For instance, if you decide to do business in multiple states, you’re starting a business with a partner or have other complex situations, seeking professional advice can prevent issues down the line, such as navigating vague operating agreements during a dispute.
It’s understandable to be concerned about the costs of hiring a legal professional. After all, you may be just starting your business and want to earn money before investing any into the business. However, this upfront expense counts as a business write-off, and getting sound advice can save you money.
There are also alternatives to hiring a lawyer. Services like Collective can set up your LLC for you and help you navigate tax and legal paperwork.

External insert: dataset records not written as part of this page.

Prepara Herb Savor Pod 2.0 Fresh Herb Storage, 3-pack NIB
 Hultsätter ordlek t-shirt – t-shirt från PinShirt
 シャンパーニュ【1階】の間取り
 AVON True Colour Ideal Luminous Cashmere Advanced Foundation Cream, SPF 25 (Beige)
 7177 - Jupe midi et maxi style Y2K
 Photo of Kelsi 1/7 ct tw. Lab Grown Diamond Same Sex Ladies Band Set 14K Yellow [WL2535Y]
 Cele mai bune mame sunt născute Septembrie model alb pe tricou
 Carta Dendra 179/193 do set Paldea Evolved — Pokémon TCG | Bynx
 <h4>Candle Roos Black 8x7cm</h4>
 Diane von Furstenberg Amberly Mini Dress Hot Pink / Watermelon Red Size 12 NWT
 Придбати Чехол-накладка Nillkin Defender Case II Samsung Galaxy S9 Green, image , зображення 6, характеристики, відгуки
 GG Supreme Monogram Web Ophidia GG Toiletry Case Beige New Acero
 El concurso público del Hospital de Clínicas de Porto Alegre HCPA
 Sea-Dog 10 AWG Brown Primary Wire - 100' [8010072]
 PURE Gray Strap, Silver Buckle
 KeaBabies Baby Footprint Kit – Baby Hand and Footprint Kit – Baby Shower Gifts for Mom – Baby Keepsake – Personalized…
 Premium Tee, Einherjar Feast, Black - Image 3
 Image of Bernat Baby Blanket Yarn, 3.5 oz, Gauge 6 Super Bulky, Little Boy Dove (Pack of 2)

Using Random Legal Documents Found Online
The internet houses a treasure trove of information (it’s how you find this article!) and there are plenty of resources out there to help you start and grow your business. One such resource are templates and forms. Sure, it can save you time and money from having an attorney draft one up, and in many cases it’ll do just fine. However, using these forms can get you into hot water.
For instance, I was involved in a business partnership with someone in another state, we downloaded a random operating agreement template online giving us equal ownership rights. However, due to varying factors such as the types of assets we brought in, we wanted different ownership percentages. Had we used the form without looking at it twice, it could have been disastrous.
Again, there’s nothing with using templates found online but you need to review them before adopting them into your own LLC. If there’s any verbiage you’re unsure about or you want to ensure the documents are rock-solid, asking an experienced legal professional is helpful.
Starting a business is tricky enough without having to worry about backtracking because you’ve chosen the wrong business entity or didn’t keep records so you remain compliant in your LLC. That being said, once you’ve done the upfront work of figuring out how to best structure your business, submitting the necessary paperwork can be relatively easy.
After that, it’s making sure to keep your business compliant — that’s where having systems comes into play. Good luck, we’re rooting for you!